Problem details: Copy out the line bearing "Raw Edge Hooded Sweatshirt" and all the lines after it, to the very end of the material below, exactly as written.

Information given:
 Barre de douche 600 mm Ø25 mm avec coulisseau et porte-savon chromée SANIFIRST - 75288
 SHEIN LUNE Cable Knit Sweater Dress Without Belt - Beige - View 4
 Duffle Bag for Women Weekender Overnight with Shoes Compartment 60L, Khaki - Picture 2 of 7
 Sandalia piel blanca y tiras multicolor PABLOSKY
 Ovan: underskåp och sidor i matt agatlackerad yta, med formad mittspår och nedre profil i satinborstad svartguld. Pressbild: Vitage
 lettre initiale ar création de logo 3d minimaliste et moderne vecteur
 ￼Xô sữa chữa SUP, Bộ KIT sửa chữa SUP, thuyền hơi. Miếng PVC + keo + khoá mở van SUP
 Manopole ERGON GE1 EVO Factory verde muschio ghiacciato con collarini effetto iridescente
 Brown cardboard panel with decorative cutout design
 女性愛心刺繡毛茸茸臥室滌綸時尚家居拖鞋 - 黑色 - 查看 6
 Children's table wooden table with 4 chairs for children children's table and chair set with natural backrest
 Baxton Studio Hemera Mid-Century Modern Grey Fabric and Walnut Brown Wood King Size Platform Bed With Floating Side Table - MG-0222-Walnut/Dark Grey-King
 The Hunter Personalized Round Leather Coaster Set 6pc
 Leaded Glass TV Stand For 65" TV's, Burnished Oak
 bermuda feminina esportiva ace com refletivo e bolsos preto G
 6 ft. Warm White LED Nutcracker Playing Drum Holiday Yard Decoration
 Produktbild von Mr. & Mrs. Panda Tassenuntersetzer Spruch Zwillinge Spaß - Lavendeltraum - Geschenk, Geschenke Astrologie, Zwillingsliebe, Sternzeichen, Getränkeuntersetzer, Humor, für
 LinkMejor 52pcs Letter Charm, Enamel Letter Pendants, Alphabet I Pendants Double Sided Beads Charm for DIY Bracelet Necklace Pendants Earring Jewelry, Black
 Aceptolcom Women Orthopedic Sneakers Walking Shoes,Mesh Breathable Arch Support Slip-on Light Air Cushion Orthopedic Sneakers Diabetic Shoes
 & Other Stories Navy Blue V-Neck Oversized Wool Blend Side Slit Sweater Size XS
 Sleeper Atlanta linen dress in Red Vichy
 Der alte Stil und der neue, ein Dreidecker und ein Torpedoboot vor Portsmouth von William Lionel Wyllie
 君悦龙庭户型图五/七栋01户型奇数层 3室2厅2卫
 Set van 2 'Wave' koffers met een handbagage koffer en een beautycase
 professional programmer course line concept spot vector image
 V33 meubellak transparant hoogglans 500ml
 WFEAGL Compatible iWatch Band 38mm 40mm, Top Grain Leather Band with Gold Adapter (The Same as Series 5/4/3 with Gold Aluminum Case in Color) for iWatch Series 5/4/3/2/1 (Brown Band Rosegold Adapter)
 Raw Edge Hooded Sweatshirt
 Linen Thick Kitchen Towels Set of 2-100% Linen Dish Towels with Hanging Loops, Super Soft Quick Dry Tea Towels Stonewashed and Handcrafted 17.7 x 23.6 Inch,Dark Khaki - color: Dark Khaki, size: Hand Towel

Solved problem:
 Raw Edge Hooded Sweatshirt
 Linen Thick Kitchen Towels Set of 2-100% Linen Dish Towels with Hanging Loops, Super Soft Quick Dry Tea Towels Stonewashed and Handcrafted 17.7 x 23.6 Inch,Dark Khaki - color: Dark Khaki, size: Hand Towel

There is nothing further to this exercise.